Mining High Occupancy Itemsets From Transaction Databases
Abstract
Frequent itemset (FI) mining has been widely studied in data mining over current many
years because of its vital role in applications. Nevertheless, the most traditional mining
framework in preceding research does not apply correctly for some modern-day applications,
which include the travel landscapes recommendation. In 2020, Deng proposed a new algorithm
for mining high occupancy itemsets (HO), HEP algorithm (abbreviation for High-Efficient
algorithm for mining high occupancy itemsets), where occupancy is the support-based mining
structure. It is an efficient algorithm, which helps us to find out all high occupancy itemsets
faster than the traditional mining framework. It uses an occupancy-list (OL) structure to store
the occupancy and pruning all unpromising itemsets based on upper-bound occupancy (UBO)

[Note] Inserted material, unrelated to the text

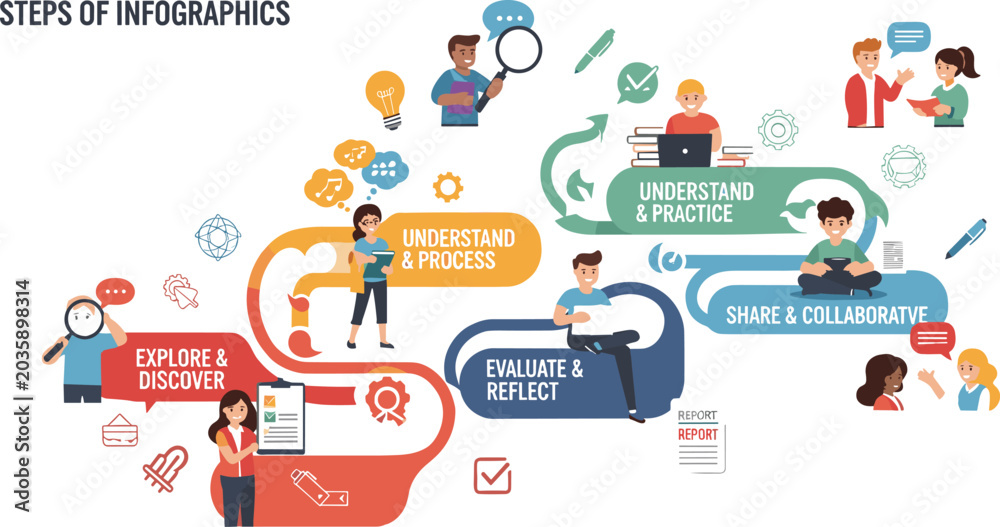 Fototapeta premium Creative Process Infographic With Teamwork Steps Planning Collaboration And Learning Icons Flat Vector Illustration For Business Presentation Design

to mine all HO. However, the HEP algorithm still not optimize in the generating k-itemsets
process. In this thesis, we improved the HEP algorithm by two enhancements: add more
conditions to prune unqualified itemsets and apply the property of equivalence class to reduce
the runtime of the k-itemsets generation process. Finally, we have conducted several
experiments on three datasets to prove that the enhancements offer better performance than the
original HEP algorithm in terms of execution time and peak memory consumption.